### What you will do
Below are the records; repeat exactly their lines between the line holding "Women's Wool Blend Winter Coat with Hood" and the line holding "Set of 12 Packets", inclusive, skipping the pictures.

*** Supplied entries ***

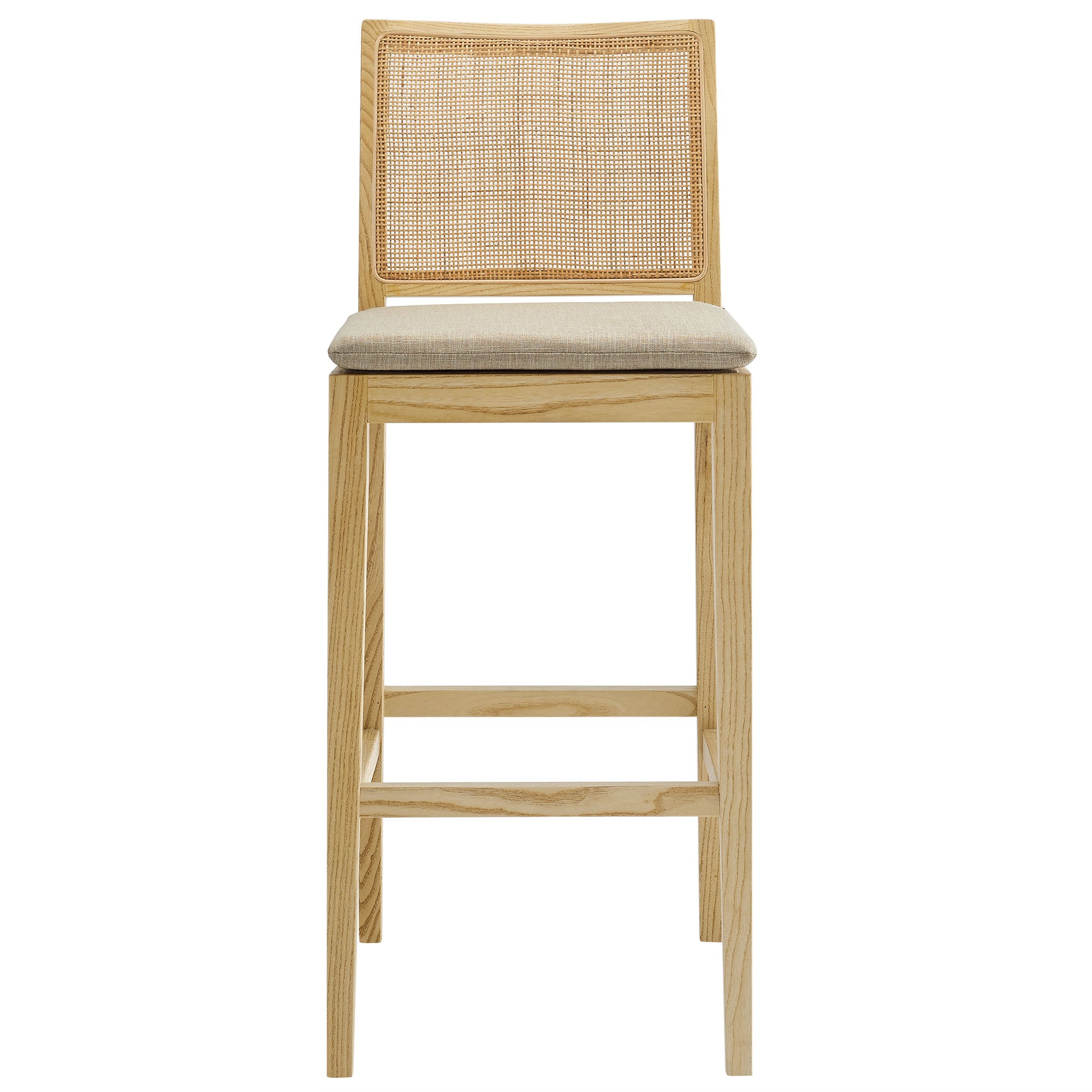 Ovard Wood and Rattan Bar Stool, Natural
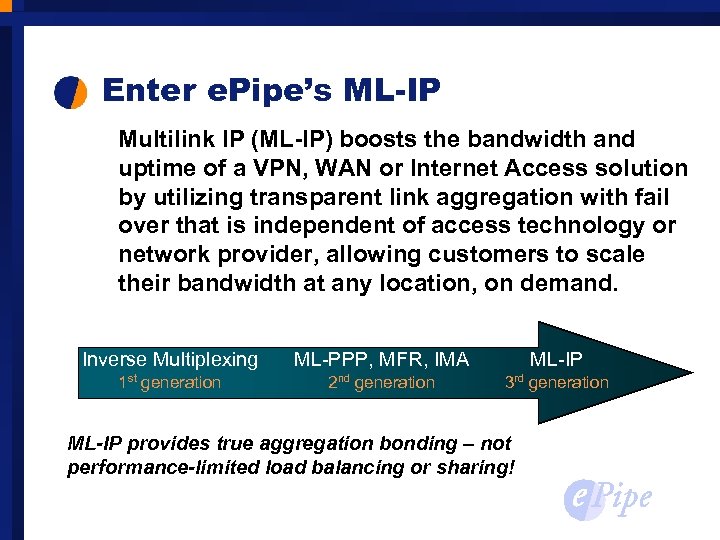 Enter e. Pipe’s ML-IP Multilink IP (ML-IP) boosts the bandwidth and uptime of a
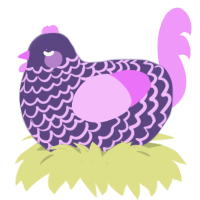 A overcast and lavender chicken with a lace pattern
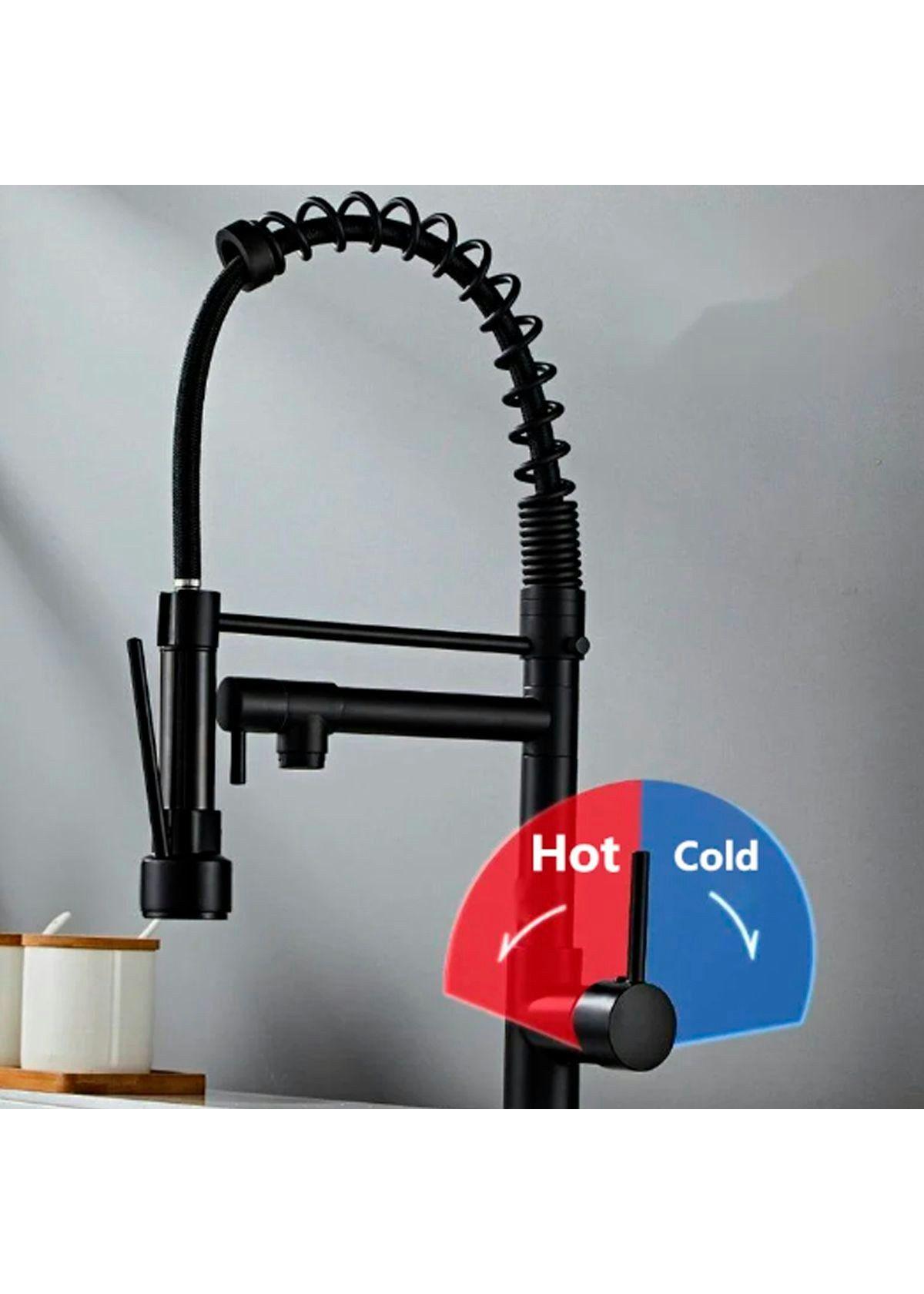 Llave Grifería Lavaplatos Doble Cuello Cisne Flexible Cocina Tap01 Negro-1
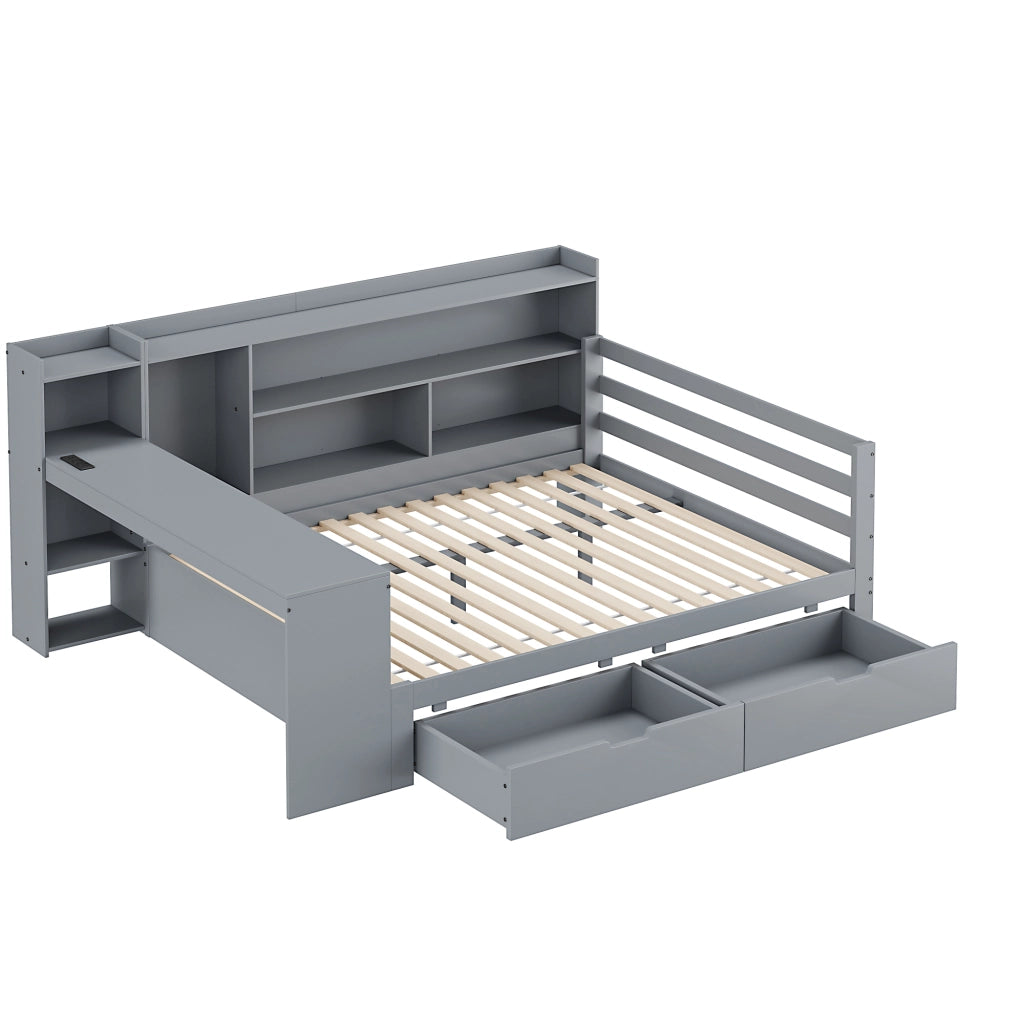DESMIU Divano letto 140 × 200 cm per 2 posti con scrivania, ripiani, USB e Type-C, senza materasso, grigio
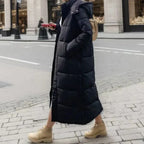 Women's Wool Blend Winter Coat with Hood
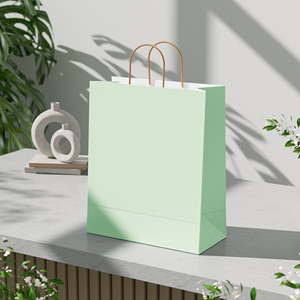 Biểu tượng tùy chỉnh in tái chế màu xanh lá cây Kraft Túi giấy với xử lý cho Takeaway thức ăn nhanh cà phê Tote cho siêu thị mua sắm - Product Image 2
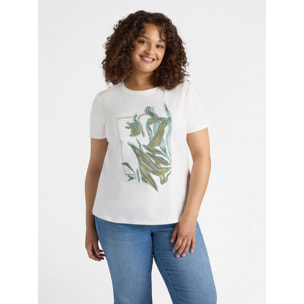 Fiorella Rubino - Camiseta con estampado y cristales - Blanco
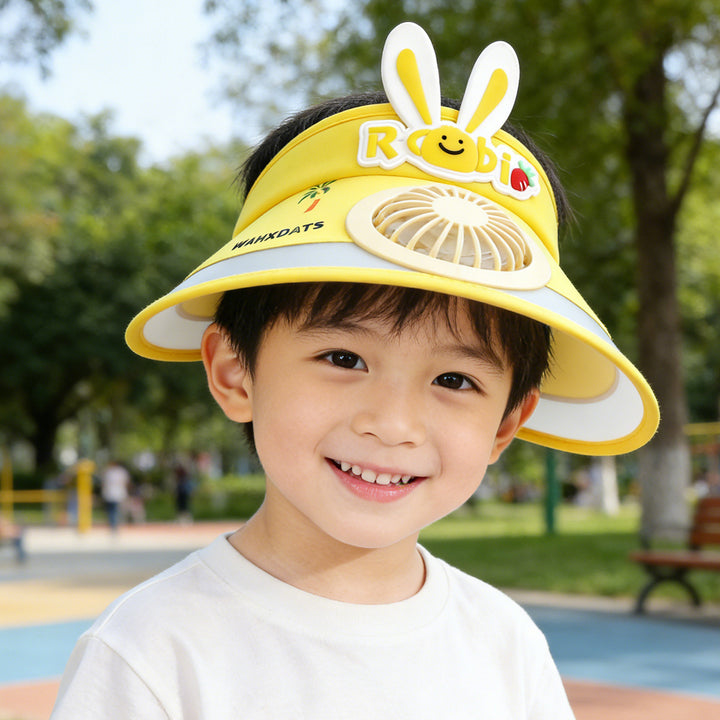 Sun protection with integrated battery fan, adjustable chin strap and cute bunny design Bowlift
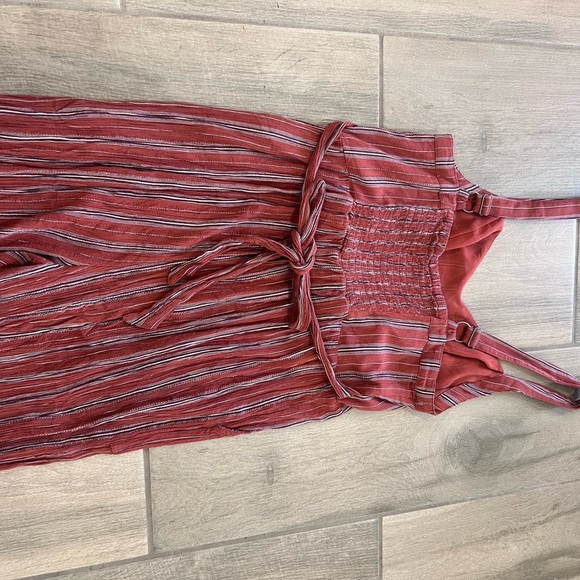 American Eagle Burnt Orange Wide Legged Cropped Sleeveless Jumpsuit W/Pocket M - Picture 10 of 11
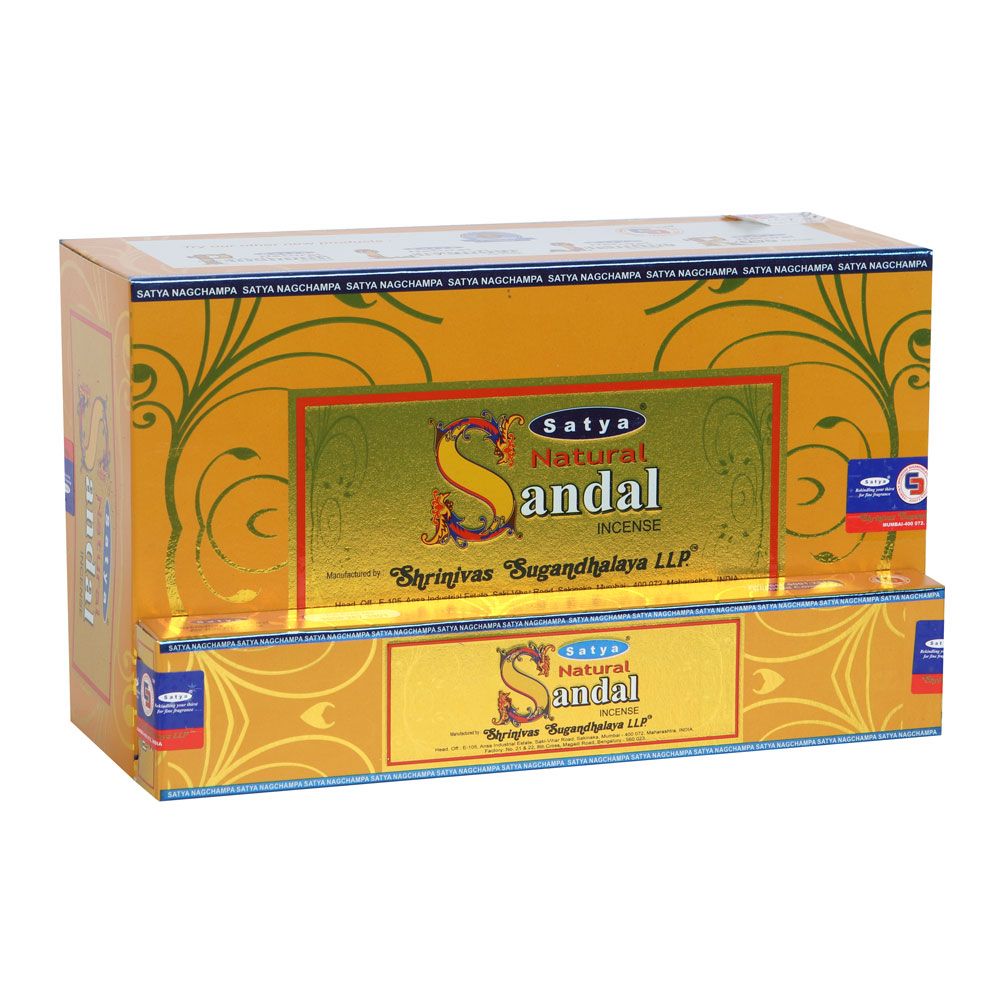 Set of 12 Packets of Satya Natural Sandal Incense Sticks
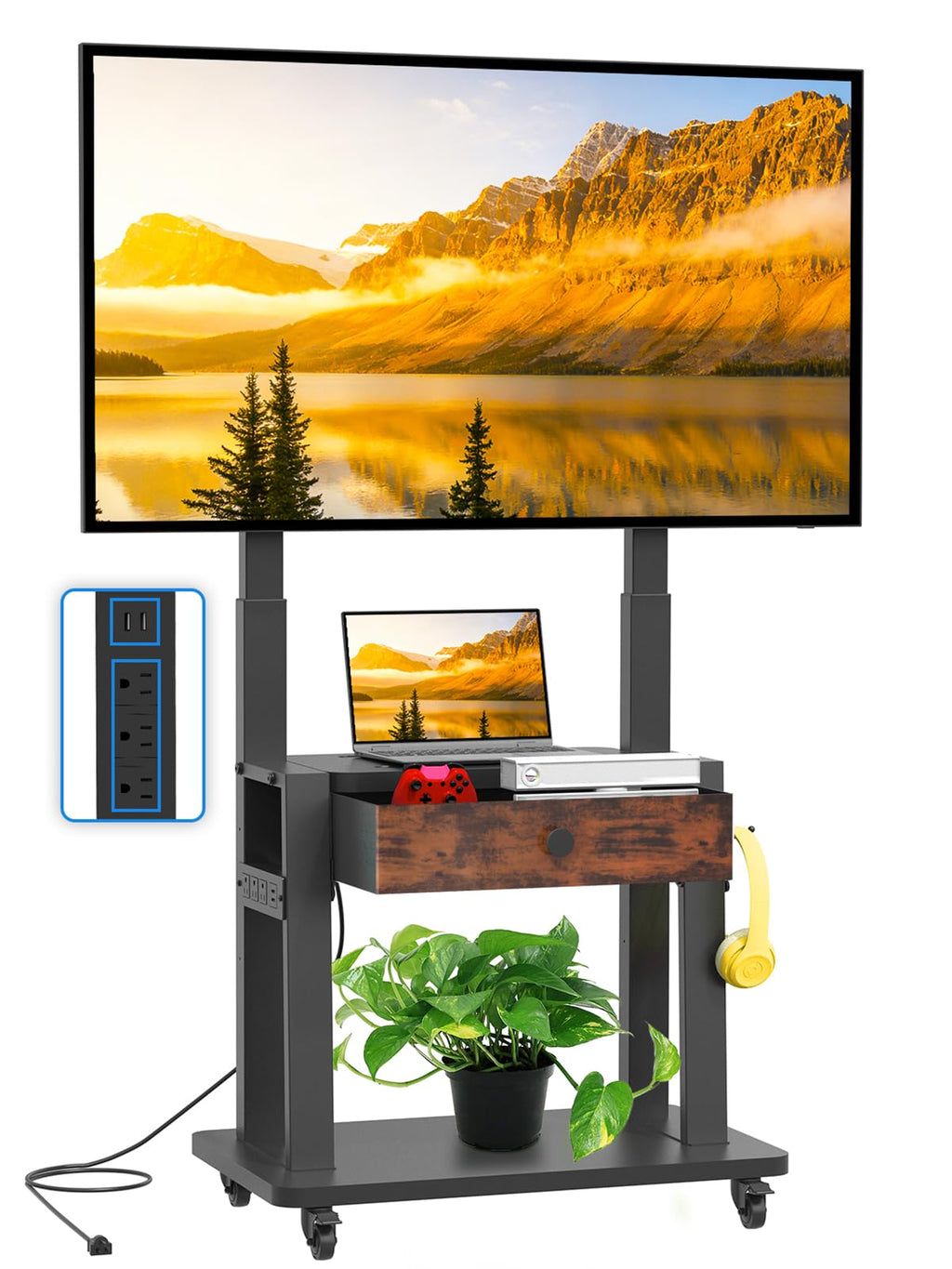 Black Rolling TV Stand with Power Outlet for 32-75 Inch Screens B1866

*** End of Supplied entries ***

### Solution to this problem
 Women's Wool Blend Winter Coat with Hood
 Biểu tượng tùy chỉnh in tái chế màu xanh lá cây Kraft Túi giấy với xử lý cho Takeaway thức ăn nhanh cà phê Tote cho siêu thị mua sắm - Product Image 2
 Fiorella Rubino - Camiseta con estampado y cristales - Blanco
 Sun protection with integrated battery fan, adjustable chin strap and cute bunny design Bowlift
 American Eagle Burnt Orange Wide Legged Cropped Sleeveless Jumpsuit W/Pocket M - Picture 10 of 11
 Set of 12 Packets of Satya Natural Sandal Incense Sticks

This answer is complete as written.